O mesmo ocorre com o professor, com a escola: quando o professor perde a oportunidade de transmitir o conhecimento, o conteúdo necessário da disciplina sob o seu comando para ficar lutando pela atenção do seu aluno que está nas brincadeiras, no celular, nas distrações próprias do ambiente escolar, quando o foco não está no aprendizado. Muitas vezes, ele tenta, muitas vezes sem sucesso, algumas vezes, pela metade ou uma atenção de pouca qualidade. A luta é desigual: comparando o encantamento de uma tela, a velocidade da informação por meio da internet, a força de um som mecânico, de uma festa onde impera a permissividade, a quebra de regras e o desafio ao ético, como competir com as ferramentas pedagógicas que exigem atenção, ordem, respeito e acima de tudo vontade de aprender, trava-se uma luta onde certamente, o professor não será visto como o aliado do aluno, mas como “ o atraso de vida”. Termina o seu momento de ensinagem, como esgotam suas reservas de paciência, sentimento paterno e resiliência. Ele acredita ter ensinando, o aluno acredita ter aprendido, mas saindo da sala, nenhum conhecimento foi agregado ao que ele já trazia em si: a ideia de que, nos dias hoje, o sucesso pessoal e profissional não está nos estudos, mas nas articulações que a sociedade impõe como sendo o modelo novo de formação.

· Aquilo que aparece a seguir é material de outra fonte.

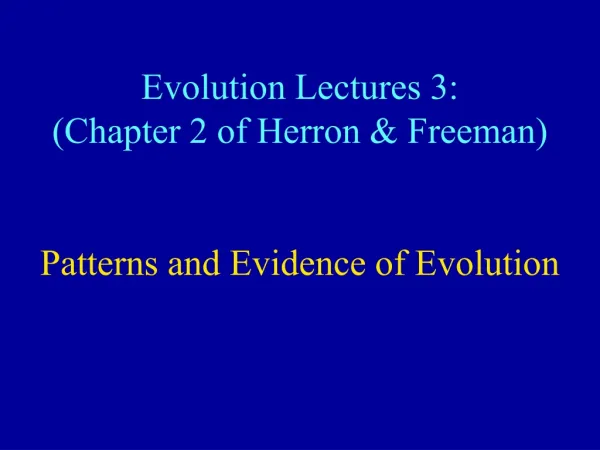 Evolution Lectures 3: (Chapter 2 of Herron &amp; Freeman) Patterns and Evidence of Evolution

O Kuandú pequeno vai crescer, outros kuandús irão nascer, mas como se dará a troca de ensinamentos entre eles? Se não houver a mãe que o diga “-“Vai para fora, vai aprender, vai para a escola, vai para o trabalho, vai para o mundo, pois o sol precisa brilhar e depende da tua presença lá fora”, fica inviável que as lições sejam perpetuadas ao longo da história.
Na sua ausência, na ausência de mãos firmes surgirão os jargões: ”-Me deixe, estou estressado, não enche, tô fora, ... papo careta de pai e mãe já era!” Registre-se que em via de regra grande parte da sociedade ainda consegue, duras penas, manter sues filhos focados no estudo, na decência e no caminho correto da formação individual e social. O desafio se torna maior quando há de se reconhecer que várias vertentes como a as drogas, o sexo fácil, o álcool, a corrupção e a falta de segurança social parece ganhar proporções que fogem do controle de qualquer instituição seja familiar ou conjuntural. A escola consegue agregar em seu raio de ação, enquanto formadora, valores que as famílias ainda conseguem canalizar para que sejam cristalizados por meio da aquisição de conhecimentos que levarão adiante os princípios presados pela família. E onde a ação da família deixou de surtir efeitos? O que resultará de crianças que passam a ser “formadas” por si mesmas, decidindo o que fazer, quando fazer, por que fazer, com quem fazer, para que fazer... onde chegar?
Nesse jogo de pontas soltas e preços a definir: estultícia(ausência de discernimento e bom senso) e dislate (presença de inteligência, perspicácia, competência). De um lado, a família que investe na formação os seus; do outro, os filhos formados por famílias omissas, impotentes, desmotivadas pela modernidade que prefere fingir que não vê que os rumos têm sido desastrosos e, ameaçadores, a cada novo dia.